[Data extract — start]

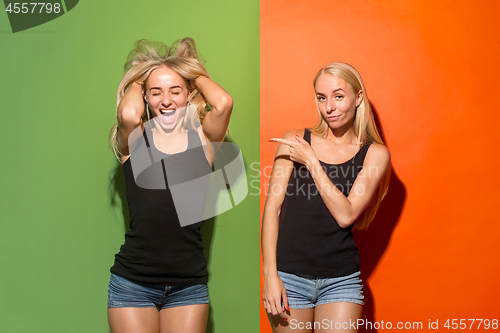 Image of The happy business women standing and smiling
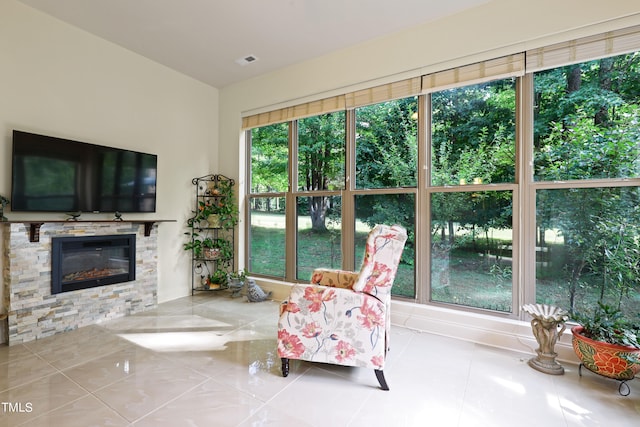 sunroom / solarium with a stone fireplace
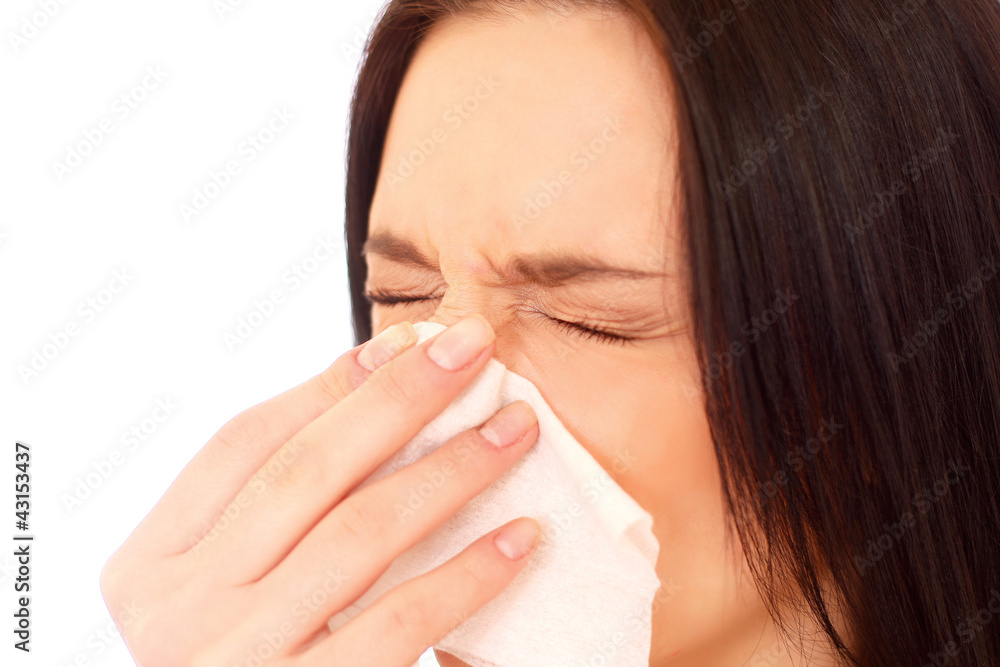 A sneezing woman A sneezing woman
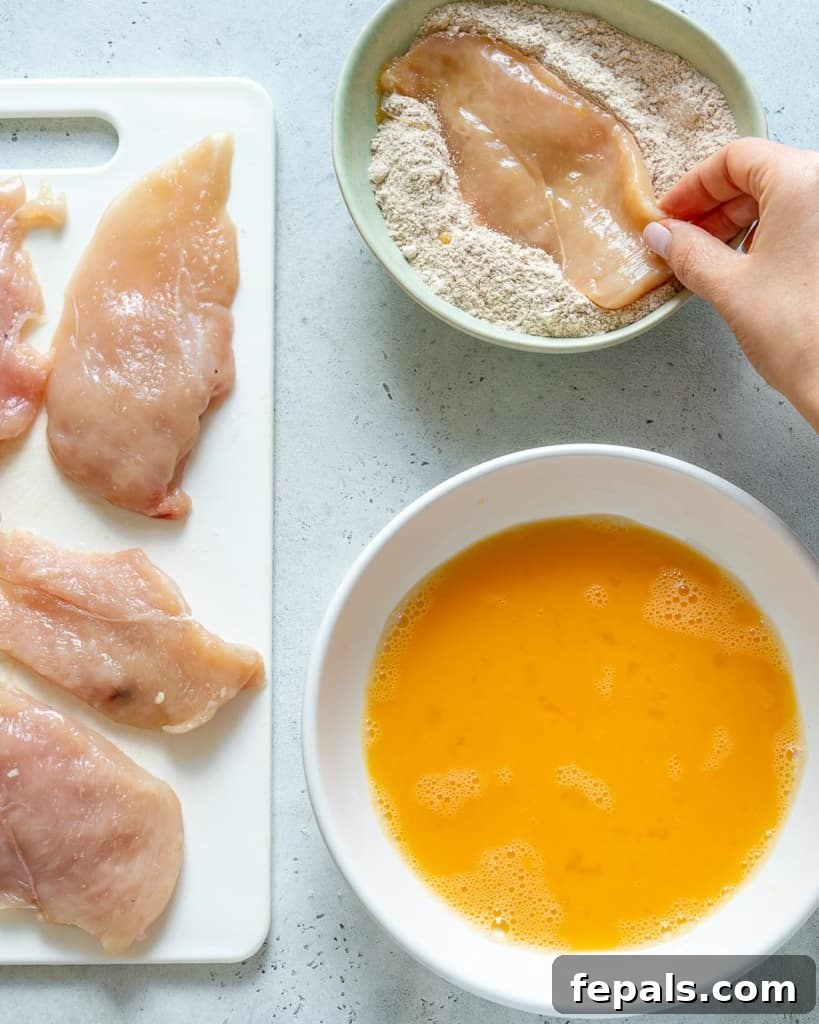 chicken being dipped in flour mixture for coating
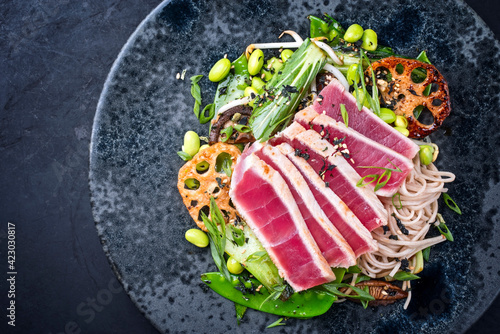 Fotografie Modern style traditional Japanese gourmet seared tuna fish steak tataki with sob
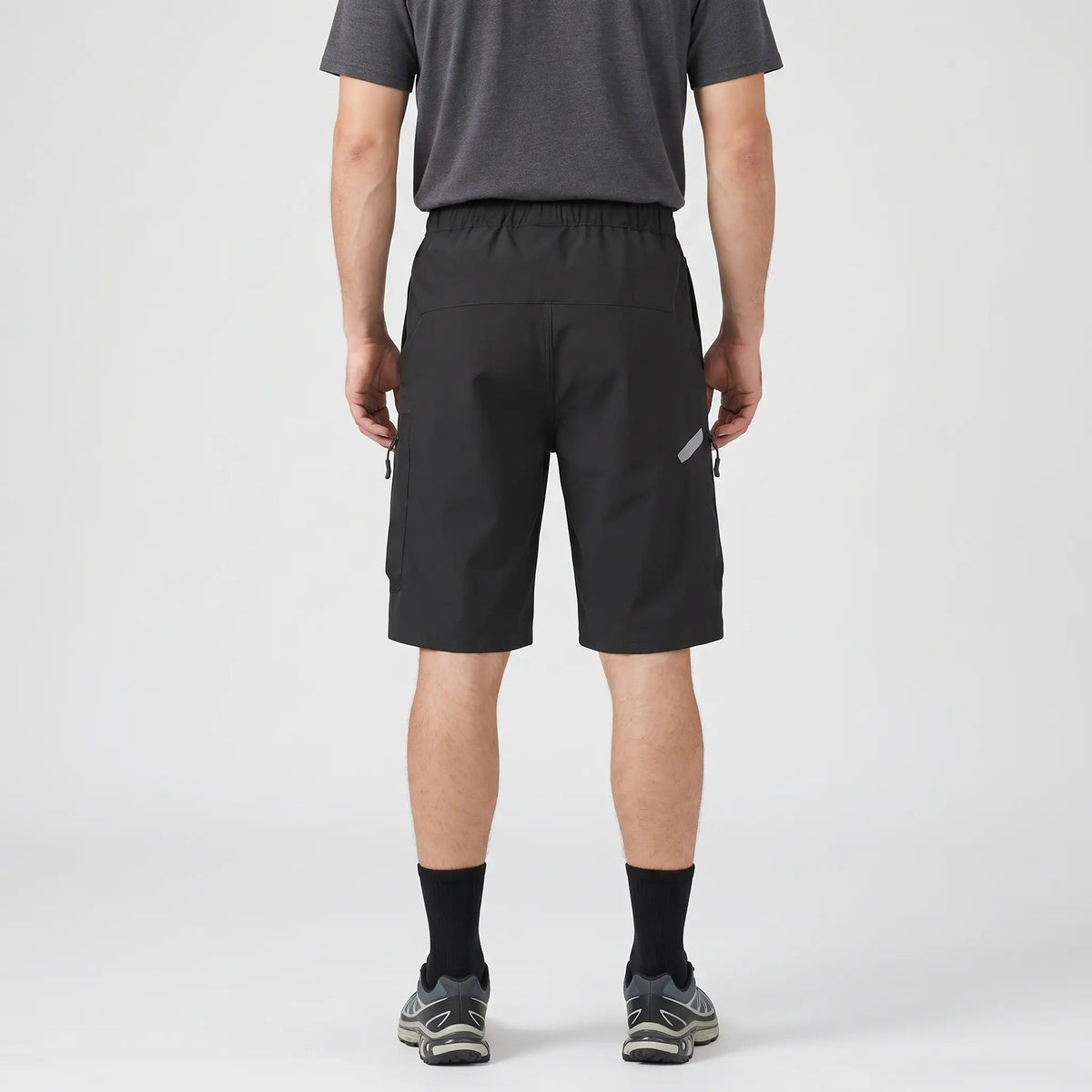 Black MTB shorts worn, back view with elastic waistband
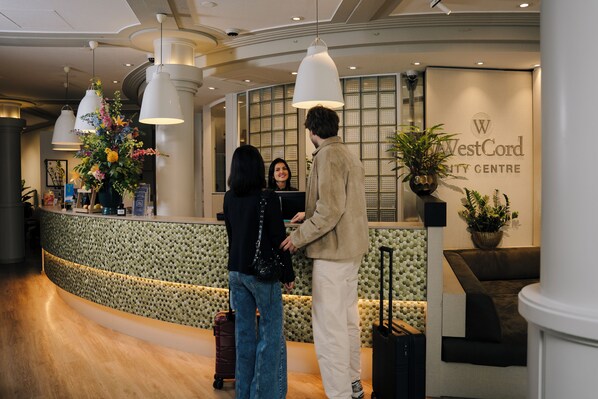 A reception area with a curved counter, a large potted plant, and a sign for WestCord City Centre.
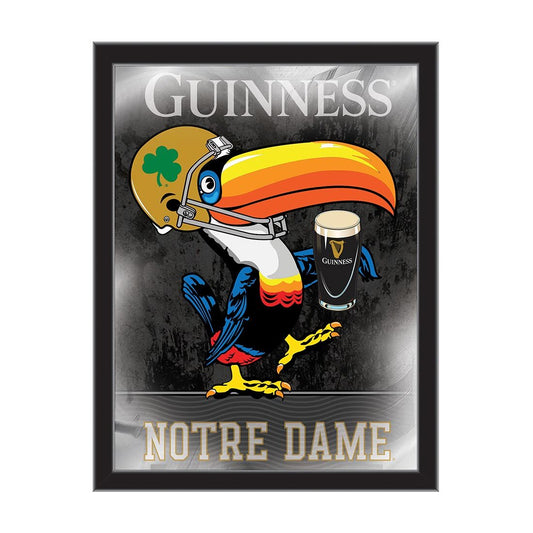 A Guinness Notre Dame Toucan Wall Mirror - 26"x15" holding a Guinness beer.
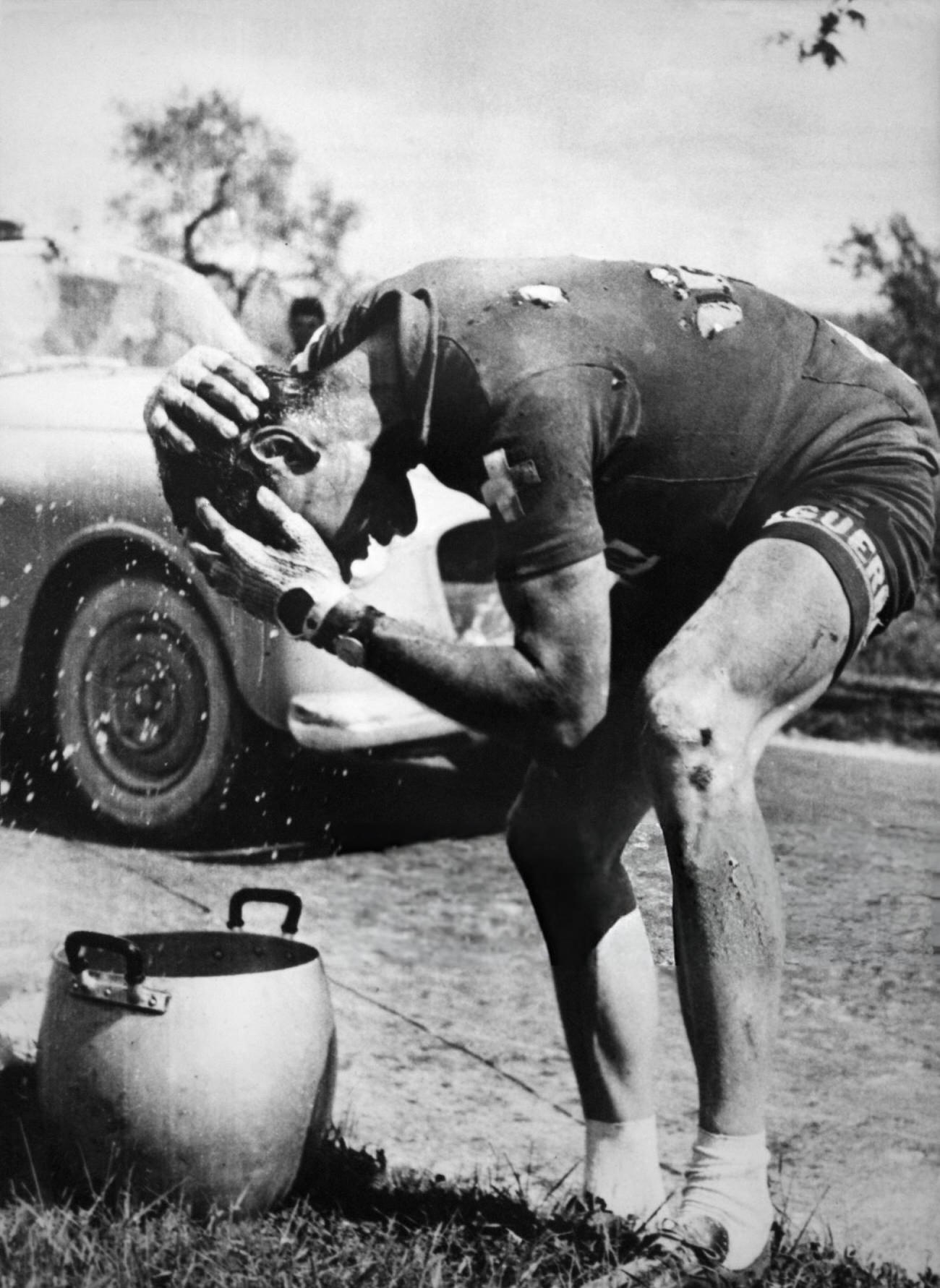 Hugo Koblet refreshing his head after a fall during the Tour d'Italie, 1953.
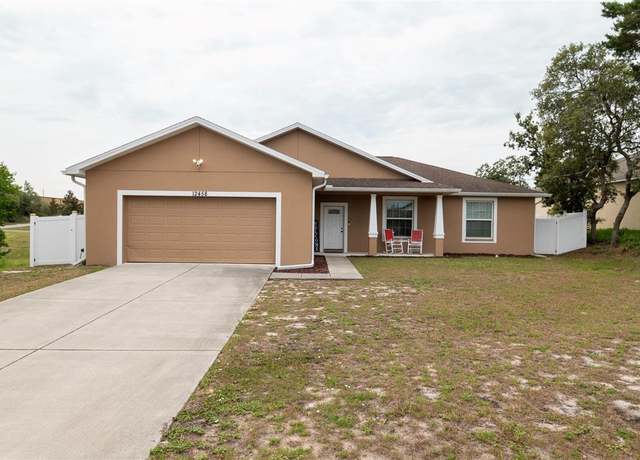 Property at 12458 Fish Cove Dr, Spring Hill, FL 34609, 5 beds, 3 baths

[Data extract — finish]

Print every line above once more, exactly. Omit the pictures.

 Image of The happy business women standing and smiling
 sunroom / solarium with a stone fireplace
 A sneezing woman A sneezing woman
 chicken being dipped in flour mixture for coating
 Fotografie Modern style traditional Japanese gourmet seared tuna fish steak tataki with sob
 Black MTB shorts worn, back view with elastic waistband
 A reception area with a curved counter, a large potted plant, and a sign for WestCord City Centre.
 A Guinness Notre Dame Toucan Wall Mirror - 26"x15" holding a Guinness beer.
 Hugo Koblet refreshing his head after a fall during the Tour d'Italie, 1953.
 Property at 12458 Fish Cove Dr, Spring Hill, FL 34609, 5 beds, 3 baths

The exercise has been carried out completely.